Barramundi with tomatoes and capers.
Cook time: 25 mins | Prep time: 15 mins | Serves: 4-6
Ingredients.
800g barramundi side, deboned, skin on
3 tablespoons (60ml) extra virgin olive oil, extra to serve
50g unsalted butter
1 teaspoon smoked sea salt
1/4 teaspoon cracked black pepper, extra to taste
2 truss tomatoes, grated with cheese grater, discard leftover skin
200g mini tomato medley, halved
2 tablespoons baby capers
1 tablespoon (20ml) caper brine
1 tablespoon (20ml) raspberry vinegar
GARNISH
10g basil leaves
1 lemon, zested to serve
sour cream to serve
Method.
1. Preheat oven to 180ºC fan force (350ºF) and line a baking tray with baking paper. Place the barramundi fillet skin-side down, on the tray, then drizzle with 2 tablespoons of extra virgin olive oil. Dot with butter and season with 1/2 teaspoon of smoked salt and cracked pepper. Bake for 25 - 30 minutes.
2. To a medium bowl add grated truss tomatoes, halved mini tomatoes, baby capers, caper brine, raspberry vinegar, 1 tablespoon of extra virgin olive oil, 1/2 teaspoon of smoked salt and cracked pepper to taste. Mix and set aside.
3. Remove fish from oven. Test the fish is cooked in the thickest part.
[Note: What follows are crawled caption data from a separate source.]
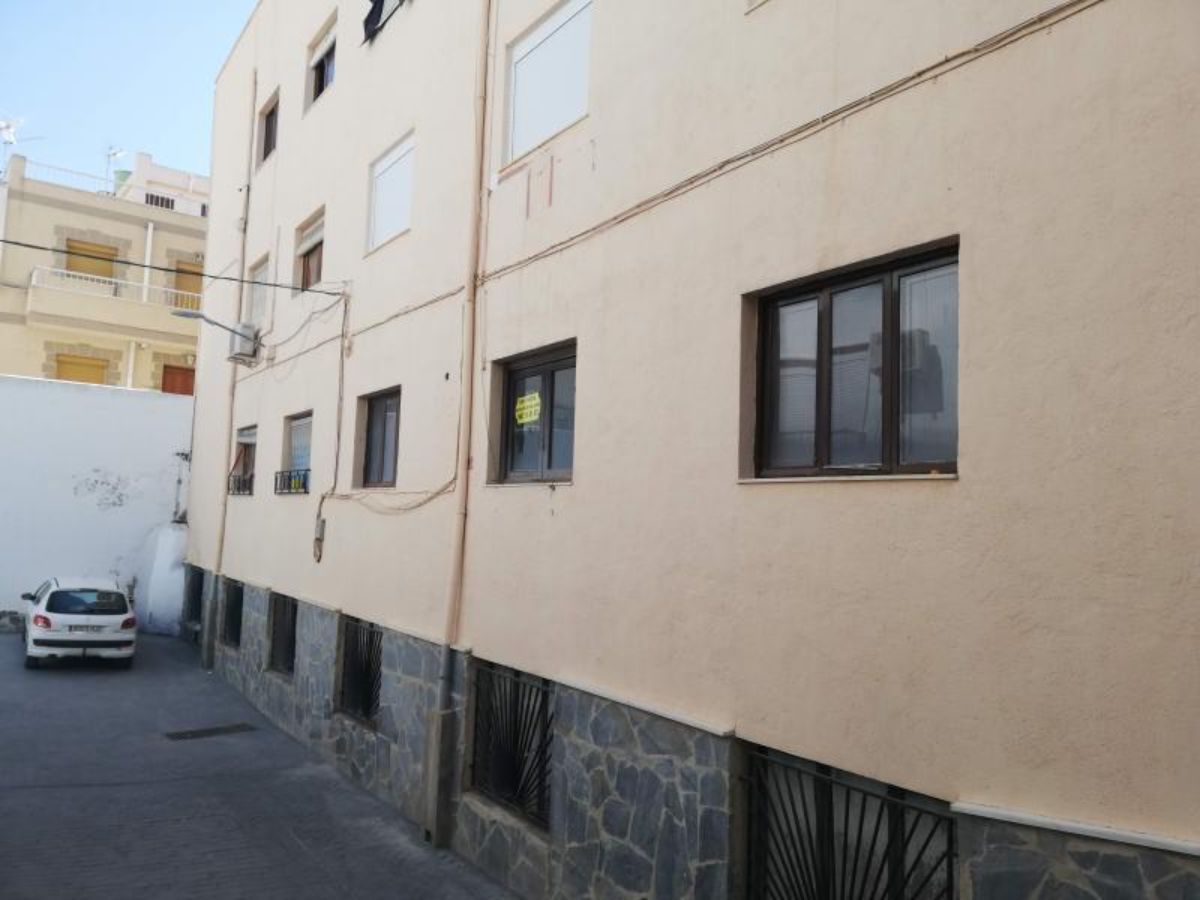 For sale of flat in Macael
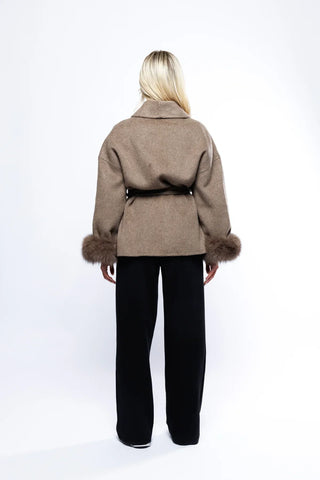 Damen Herbstjacke Mit Bindegürtel Und Pelzärmeln | Abend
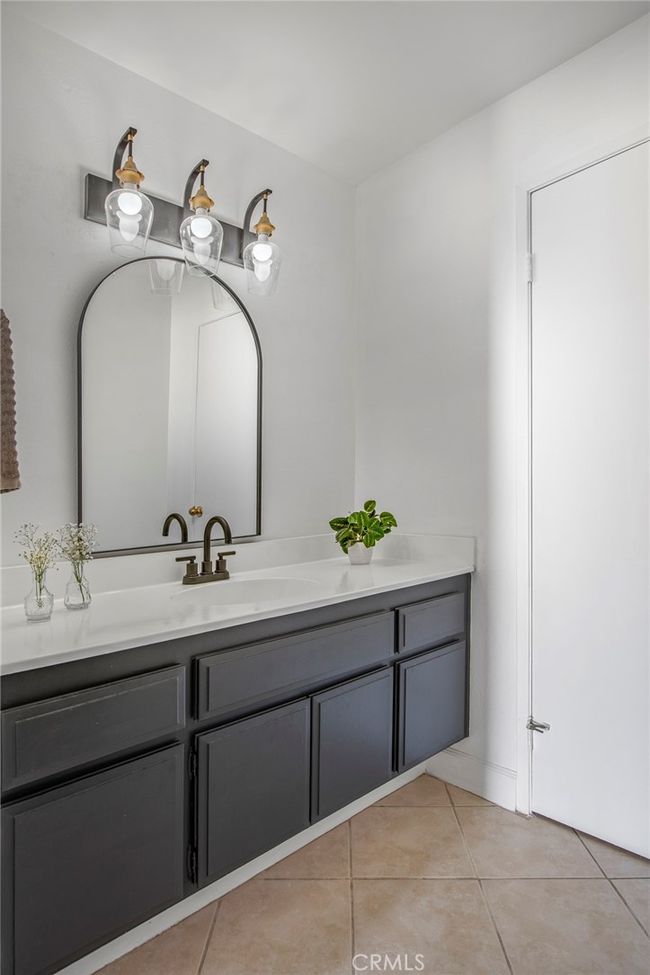 APT-53 - 15511 Sherman Way, Condo with 2 bedrooms, 2 bathrooms and 1 parking in Van Nuys CA | Image 23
It should be white, not translucent and flake easily with a fork.
4. Generously top fish with tomato mixture, then scatter over basil leaves, lemon zest and season with salt and pepper. Serve with sour cream.
COOKING NOTES:
Can substitute capers for black or green pitted olives, roughly chopped.
Serve with roasted chat potatoes and sour cream for the perfect entertaining meal.